▸ **DATASET EXCERPTS**:
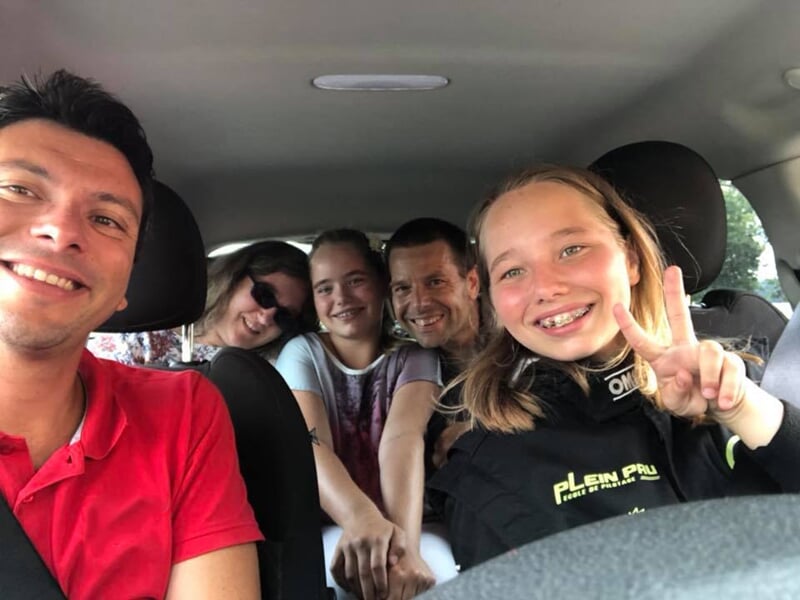 Groupe de cinq personnes souriantes dans une voiture, une fille faisant le signe de la paix au premier plan.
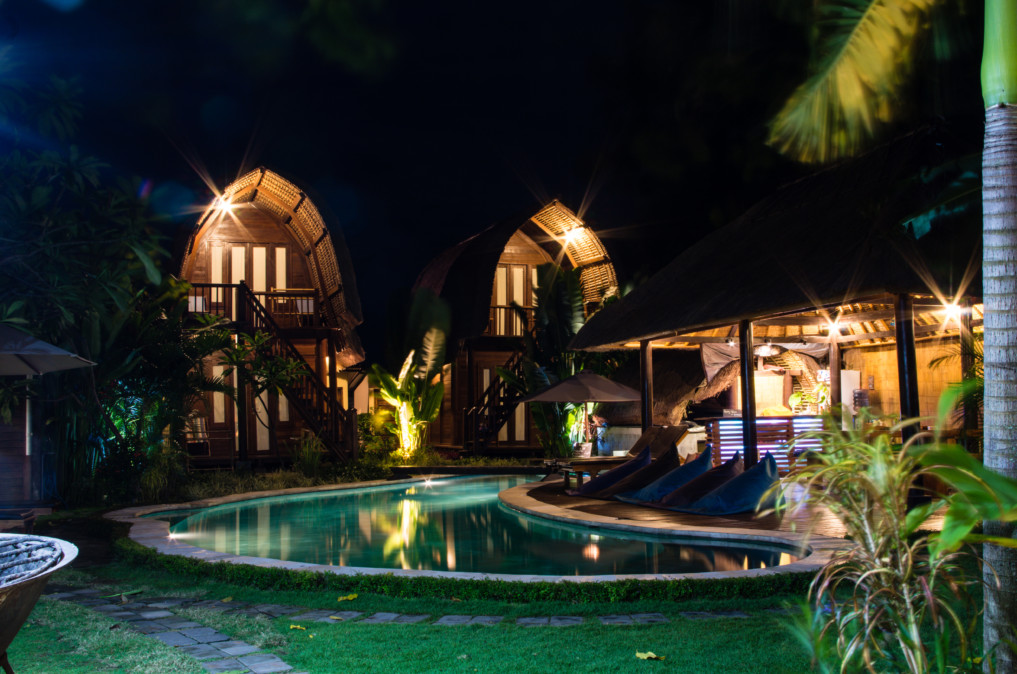 SurfWG grounds at night, pool and lounge area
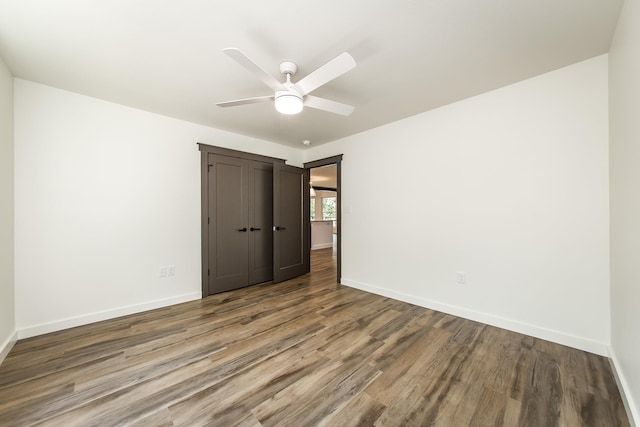 unfurnished bedroom with ceiling fan, hardwood / wood-style floors, and a closet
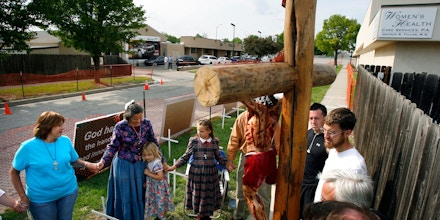 About a dozen abortion opponents gather in front of Dr. George Tiller's clinic in Wichita, Kan., Thursday, May 17, 2007, to launch a 77-hour prayer vigil. (AP Photo/Larry W. Smith)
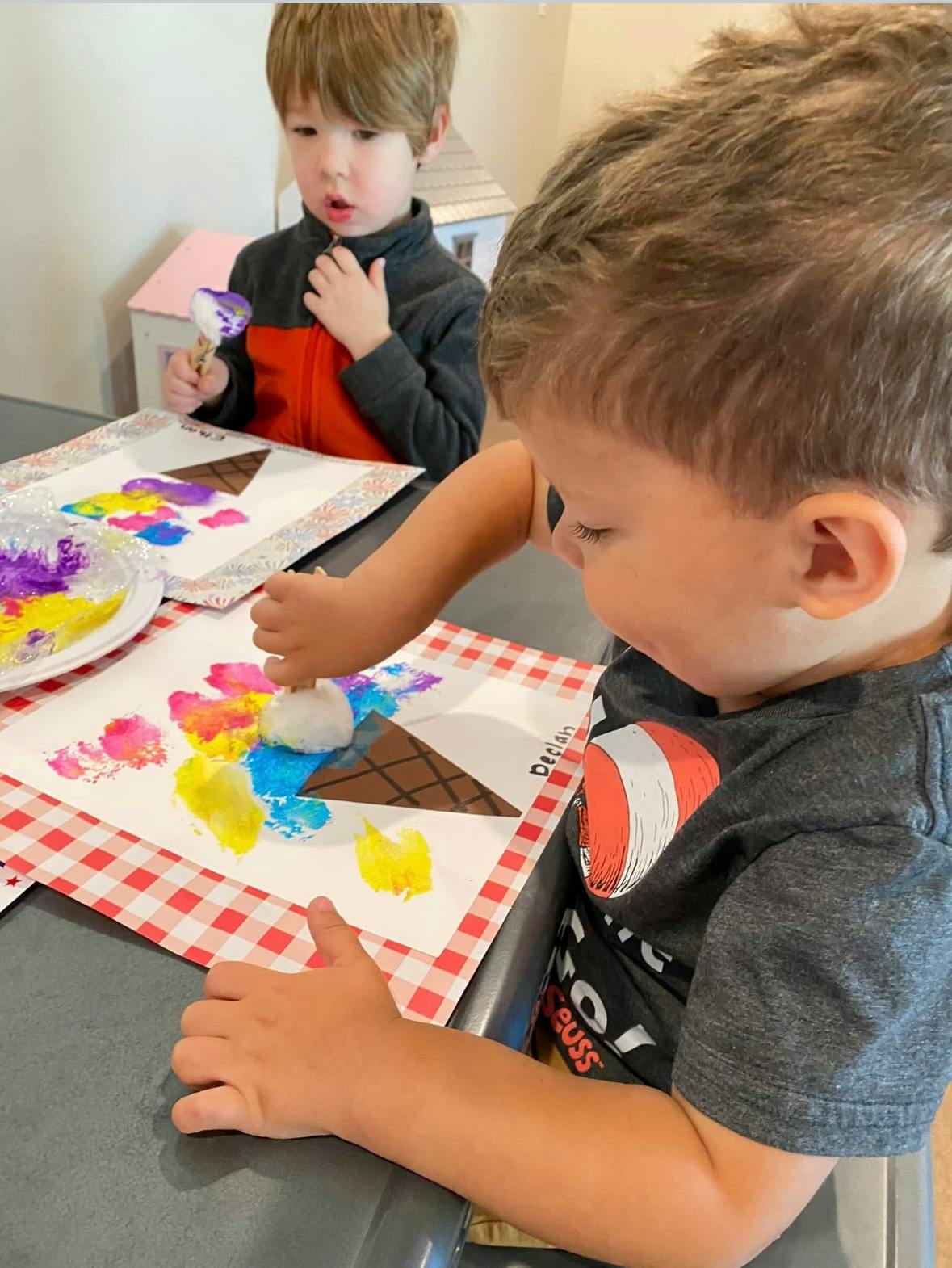 Two children making colorful ice cream cone crafts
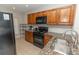 Kitchen with granite countertops and wooden cabinets at 8403 Placida Rd # 303, Placida, FL 33946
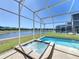 Screened-in pool with a spa offers relaxing views of a beautiful pond and backyard at 8938 Cabot Cliffs Dr, Davenport, FL 33896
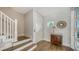 Bright and airy foyer with hardwood floors, stylish table, and staircase at 512 Laurel Park Dr, Sarasota, FL 34236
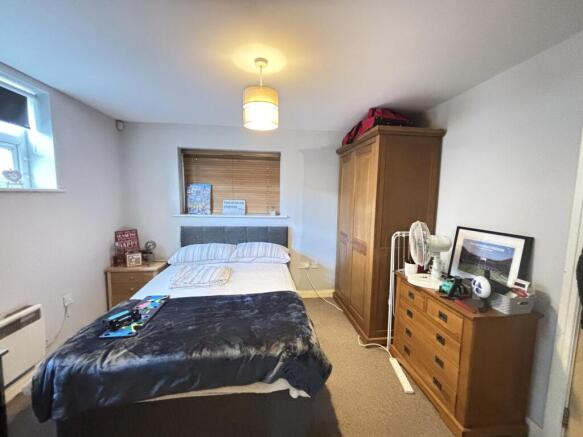 A spacious and well-kept bedroom featuring a la...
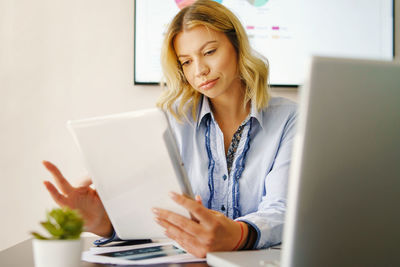 Young woman using phone while sitting on table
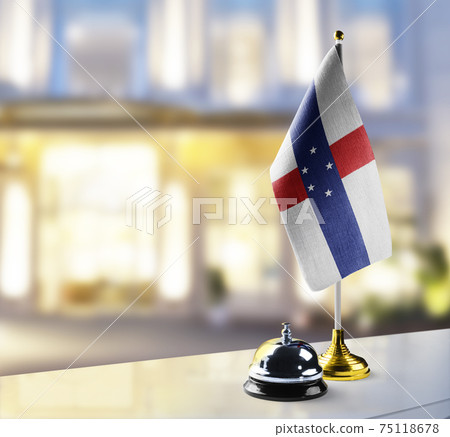 Netherlands Antilles flag on the reception desk in the lobby of the hotel Netherlands Antilles flag on the reception desk in the lobby of the hotel 75118678
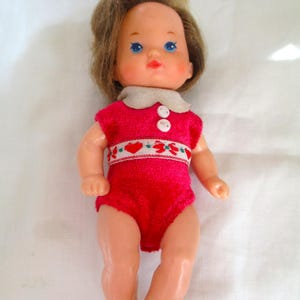 May include: A vintage baby doll with blue eyes, rosy cheeks, and light brown hair. The doll is dressed in a red onesie with a white collar and a decorative band with red and green floral designs. The doll is made of plastic and is a classic toy.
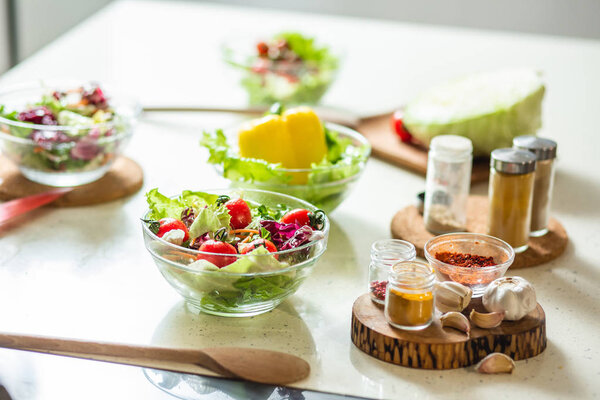 Close up of glass bowls with fresh vegetable salads and spices in glass bottles standing next to them on the pieces of wood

▸ **REQUIRED WORK**:
Write out, word for word, the lines from the start of the data through the one holding "Two children making". Omit pictures.

▸ **RESULT**:
 Groupe de cinq personnes souriantes dans une voiture, une fille faisant le signe de la paix au premier plan.
 SurfWG grounds at night, pool and lounge area
 unfurnished bedroom with ceiling fan, hardwood / wood-style floors, and a closet
 About a dozen abortion opponents gather in front of Dr. George Tiller's clinic in Wichita, Kan., Thursday, May 17, 2007, to launch a 77-hour prayer vigil. (AP Photo/Larry W. Smith)
 Two children making colorful ice cream cone crafts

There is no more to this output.